By Patrick Watson
If you are American and you have health insurance, you probably get it from either your employer or some kind of government program. Or possibly both, if the government is your employer.
Almost no one in the US gets health insurance on their own. We can’t afford to buy it and insurers can’t afford to sell it, thanks to our crazy patchwork system. As a result, people fall through the gaps and millions remain uninsured.
Even many who are insured might as well not be, since exorbitant deductibles leave them practically uncovered.
This is both a human problem and an economic problem—human because we don’t want anyone to suffer, and economic because suffering generates societal costs.
The weirdest part: This is a uniquely American problem. Others have solved it. We choose to let it continue… then wonder why our economy won’t grow faster.
Healthcare isn’t our only problem but it’s a big one.
Last week Whole Foods Market, a unit of Amazon (AMZN), announced it would end medical benefits for about 1,900 part-time workers.
This seems harsh, but in fact Whole Foods was unusually generous. Few employers offer benefits to people working as little as 20 hours a week.
Still, Amazon already struggles with image problems over its pay and working conditions. Why generate more bad PR, especially when the amount saved must be a mere drop in the Amazon money river?
I have no visibility into their thinking, but I have a guess. Maybe the amount wasn’t so small, and it was growing.
Those 1,900 workers and their families aren’t a random sample of the population. Some probably took a relatively low-paid, part-time job because they desperately needed the healthcare benefits.
I personally knew someone in a similar situation. He and his wife, both in their early 60s so not yet Medicare eligible, were both on very expensive drugs for chronic (but controllable) health conditions.
Neither could find a full-time job with benefits. The wife found a part-time role that did (not at Whole Foods). She took it, and they both got the drugs they needed. Yay.
Then the hammer dropped. Their presence in that organization’s pool drove the claims ratio through the roof. The insurer raised the rates sharply, and it ended up dropping the plan for everyone. Hundreds of people lost health insurance.
I suspect something like that happened at Whole Foods.
Within that group of 1,900 workers and their dependents, there are probably a few with extremely expensive health conditions. And since employers can’t discriminate, dropping the whole plan is really their only way to control that expense.

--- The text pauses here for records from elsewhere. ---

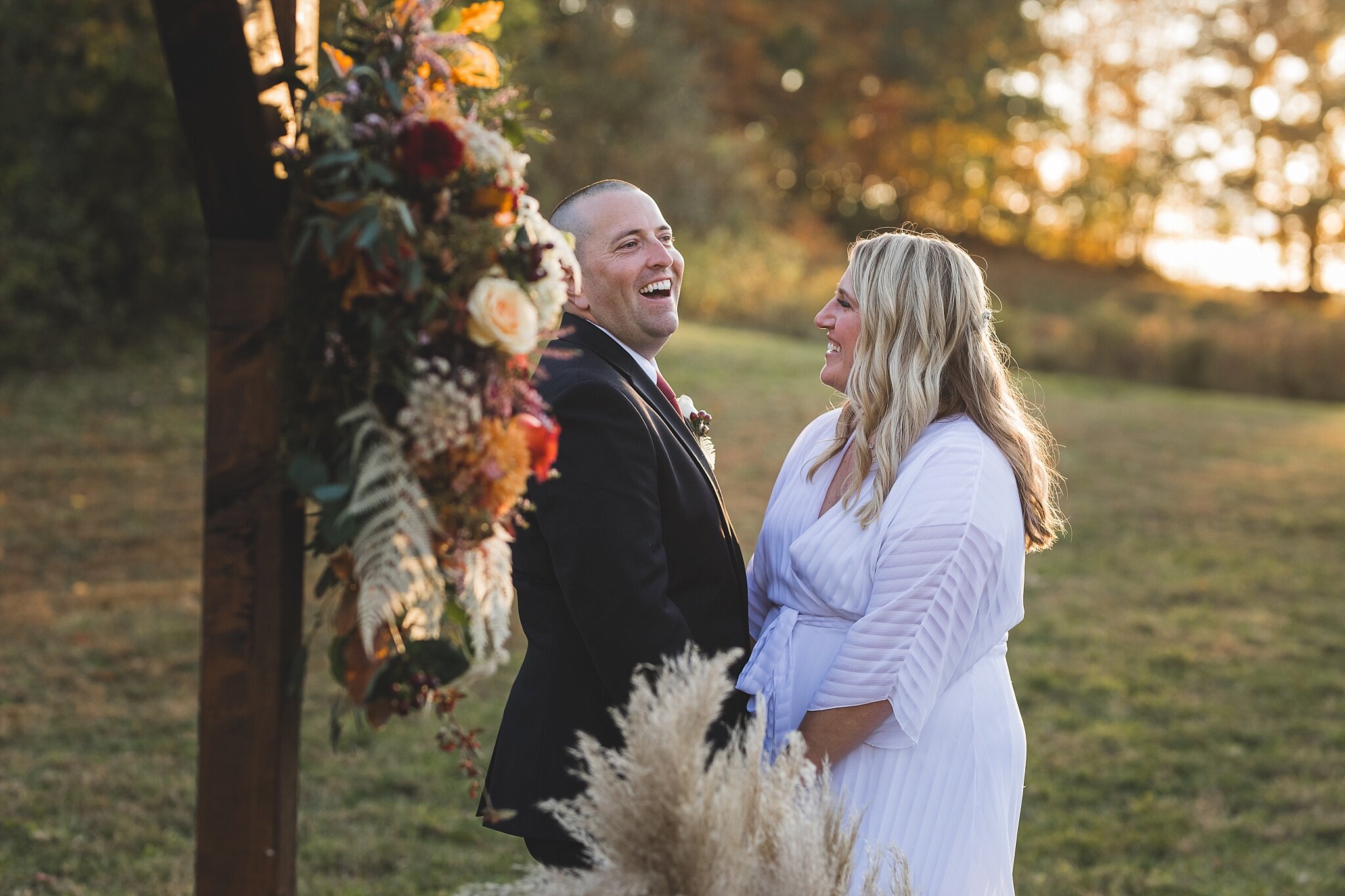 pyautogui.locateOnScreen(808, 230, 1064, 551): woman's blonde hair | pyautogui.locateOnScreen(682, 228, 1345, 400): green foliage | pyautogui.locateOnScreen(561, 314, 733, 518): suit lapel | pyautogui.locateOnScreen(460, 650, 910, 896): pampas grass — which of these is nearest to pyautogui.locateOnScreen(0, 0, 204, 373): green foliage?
pyautogui.locateOnScreen(682, 228, 1345, 400): green foliage

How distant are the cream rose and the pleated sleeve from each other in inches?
45.4

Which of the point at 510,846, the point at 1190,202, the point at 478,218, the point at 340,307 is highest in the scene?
the point at 1190,202

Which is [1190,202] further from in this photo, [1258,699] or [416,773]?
[416,773]

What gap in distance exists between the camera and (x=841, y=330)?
2.97m

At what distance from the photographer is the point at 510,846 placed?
482 cm

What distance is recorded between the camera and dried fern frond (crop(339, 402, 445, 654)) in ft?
5.40

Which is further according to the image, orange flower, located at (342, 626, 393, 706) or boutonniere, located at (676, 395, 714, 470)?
boutonniere, located at (676, 395, 714, 470)

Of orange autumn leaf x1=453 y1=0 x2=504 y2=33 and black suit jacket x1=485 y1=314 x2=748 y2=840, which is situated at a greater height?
orange autumn leaf x1=453 y1=0 x2=504 y2=33

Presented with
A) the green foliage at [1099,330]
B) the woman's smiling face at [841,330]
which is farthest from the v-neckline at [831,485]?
the green foliage at [1099,330]

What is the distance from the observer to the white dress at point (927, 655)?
98.8 inches

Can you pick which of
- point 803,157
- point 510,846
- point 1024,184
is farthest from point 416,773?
point 1024,184

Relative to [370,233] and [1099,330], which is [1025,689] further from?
[1099,330]

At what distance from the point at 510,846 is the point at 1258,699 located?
175 inches

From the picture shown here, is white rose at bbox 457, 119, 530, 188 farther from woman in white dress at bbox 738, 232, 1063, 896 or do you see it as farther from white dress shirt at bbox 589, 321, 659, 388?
woman in white dress at bbox 738, 232, 1063, 896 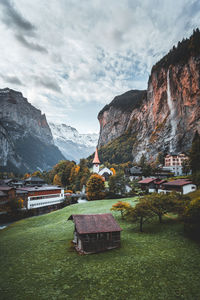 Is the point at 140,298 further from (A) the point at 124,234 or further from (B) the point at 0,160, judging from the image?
(B) the point at 0,160

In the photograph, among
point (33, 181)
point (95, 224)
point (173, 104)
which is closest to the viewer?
point (95, 224)

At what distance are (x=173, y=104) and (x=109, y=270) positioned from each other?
95.9 metres

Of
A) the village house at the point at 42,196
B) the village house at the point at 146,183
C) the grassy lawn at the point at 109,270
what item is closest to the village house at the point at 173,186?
the village house at the point at 146,183

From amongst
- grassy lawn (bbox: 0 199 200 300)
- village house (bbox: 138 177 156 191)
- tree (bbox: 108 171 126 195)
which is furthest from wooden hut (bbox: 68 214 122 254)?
tree (bbox: 108 171 126 195)

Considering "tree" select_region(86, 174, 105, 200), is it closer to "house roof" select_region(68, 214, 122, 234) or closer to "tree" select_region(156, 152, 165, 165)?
"house roof" select_region(68, 214, 122, 234)

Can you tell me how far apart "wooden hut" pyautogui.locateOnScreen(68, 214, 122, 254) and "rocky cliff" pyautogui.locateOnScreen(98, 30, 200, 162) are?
76518 millimetres

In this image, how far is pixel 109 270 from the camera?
1325cm

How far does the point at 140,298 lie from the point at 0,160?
615ft

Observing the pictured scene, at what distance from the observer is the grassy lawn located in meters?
10.8

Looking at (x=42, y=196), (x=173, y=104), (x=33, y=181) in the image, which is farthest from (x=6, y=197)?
(x=173, y=104)

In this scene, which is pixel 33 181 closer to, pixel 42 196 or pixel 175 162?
pixel 42 196

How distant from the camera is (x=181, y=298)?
9.98 m

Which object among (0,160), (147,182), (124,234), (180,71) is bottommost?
(124,234)

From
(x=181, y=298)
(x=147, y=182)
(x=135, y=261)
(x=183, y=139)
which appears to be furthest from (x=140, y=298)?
(x=183, y=139) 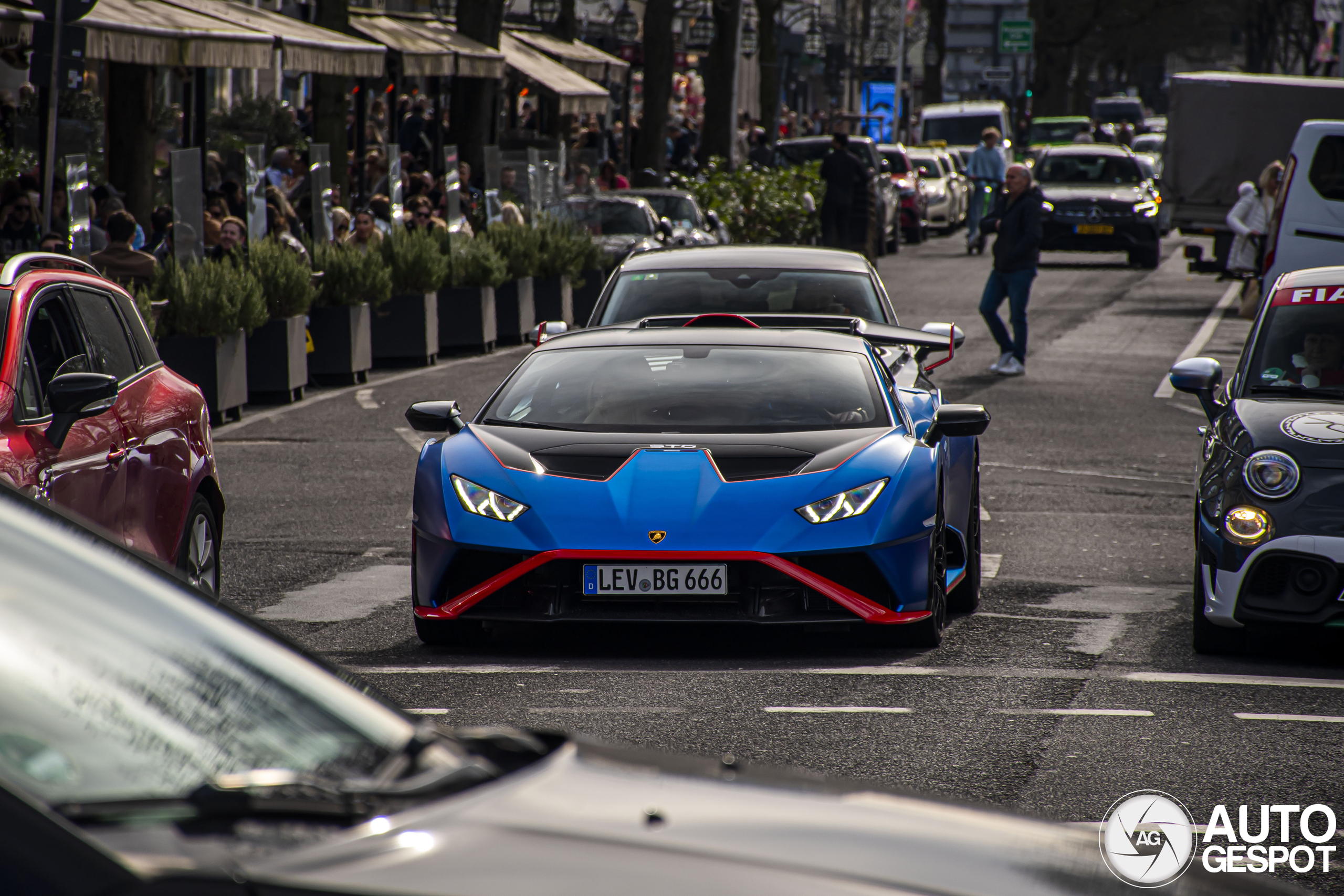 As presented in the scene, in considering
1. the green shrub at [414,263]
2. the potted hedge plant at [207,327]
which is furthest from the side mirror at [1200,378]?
the green shrub at [414,263]

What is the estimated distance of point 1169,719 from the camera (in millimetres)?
6586

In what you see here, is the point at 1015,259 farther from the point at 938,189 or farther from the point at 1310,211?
the point at 938,189

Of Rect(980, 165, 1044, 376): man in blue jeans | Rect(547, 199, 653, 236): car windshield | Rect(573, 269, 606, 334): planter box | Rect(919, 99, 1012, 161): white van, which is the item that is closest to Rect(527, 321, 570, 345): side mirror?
Rect(980, 165, 1044, 376): man in blue jeans

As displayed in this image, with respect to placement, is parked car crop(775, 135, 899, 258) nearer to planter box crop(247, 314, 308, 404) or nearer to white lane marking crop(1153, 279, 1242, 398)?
white lane marking crop(1153, 279, 1242, 398)

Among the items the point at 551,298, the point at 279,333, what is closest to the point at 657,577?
the point at 279,333

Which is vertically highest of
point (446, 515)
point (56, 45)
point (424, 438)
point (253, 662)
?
point (56, 45)

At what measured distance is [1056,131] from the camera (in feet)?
219

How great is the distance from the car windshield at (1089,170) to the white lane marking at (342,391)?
52.9ft

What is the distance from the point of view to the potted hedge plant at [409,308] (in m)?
20.0

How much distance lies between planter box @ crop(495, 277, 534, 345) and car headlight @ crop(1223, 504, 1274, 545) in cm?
1539

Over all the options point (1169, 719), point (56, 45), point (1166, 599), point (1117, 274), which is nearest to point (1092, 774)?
point (1169, 719)

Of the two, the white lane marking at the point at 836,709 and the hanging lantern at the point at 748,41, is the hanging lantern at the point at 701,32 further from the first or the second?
the white lane marking at the point at 836,709

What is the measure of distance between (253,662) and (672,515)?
4902 mm

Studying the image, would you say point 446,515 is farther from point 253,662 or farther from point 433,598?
point 253,662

Again, this is just a guess, but I think it’s plausible. And it wouldn’t happen in many other countries where access to healthcare doesn’t depend on employers. Everyone is in one giant group, spreading the costs more efficiently.
The other part of the problem is that those drugs are so expensive. Again, this is a problem we in the US are choosing to endure. Other countries don’t have it, at least not as severely.
In 2018, our per capita healthcare spending was $10,586. In Japan, it was $4,766. In Canada, $4,974. In the UK, it was $4,070.
Are people in Japan, Canada, and the UK dropping like flies? No. By most any statistic you can find, they are as healthy as Americans and often more so, despite spending far less on their health than we do.
Our extra $6,000 or so per person, per year, buys us no additional health. So why do we spend it?
There’s no economic reason. This is politics. The people who get that $6,000 from you and me spend some of it buying influence in Washington.
The result: high profits in the healthcare sector (especially pharmaceuticals) and a lot of sick, uninsured or underinsured Americans.
These sick Americans, in turn, contribute less to growing the economy.
GDP growth is simple math: the number of workers x the hours each works x the amount each produces per hour. Our healthcare system reduces all three factors.
Incompatible with Growth
There are lots of ways to solve this. The Affordable Care Act was one attempt, which obviously hasn’t worked as well as envisioned.
Some people want to modify the ACA to repair its shortcomings. Others want some kind of universal “Medicare for All” program. Others want to start over.
Walmart (WMT) is entering the space, just last week opening its first “Walmart Health” center in Dallas, Georgia. It is larger and offers more services than the small clinics in other chain stores.
That may help, but I’m dubious it will change the big picture much. Walmart might actually increase sales of those $10,000 a month prescription drugs by diagnosing more patients who need them.
We should consider all these ideas, but meanwhile the US economy will keep struggling. Our healthcare system is incompatible with a sound, growing economy. The Federal Reserve can’t fix this one.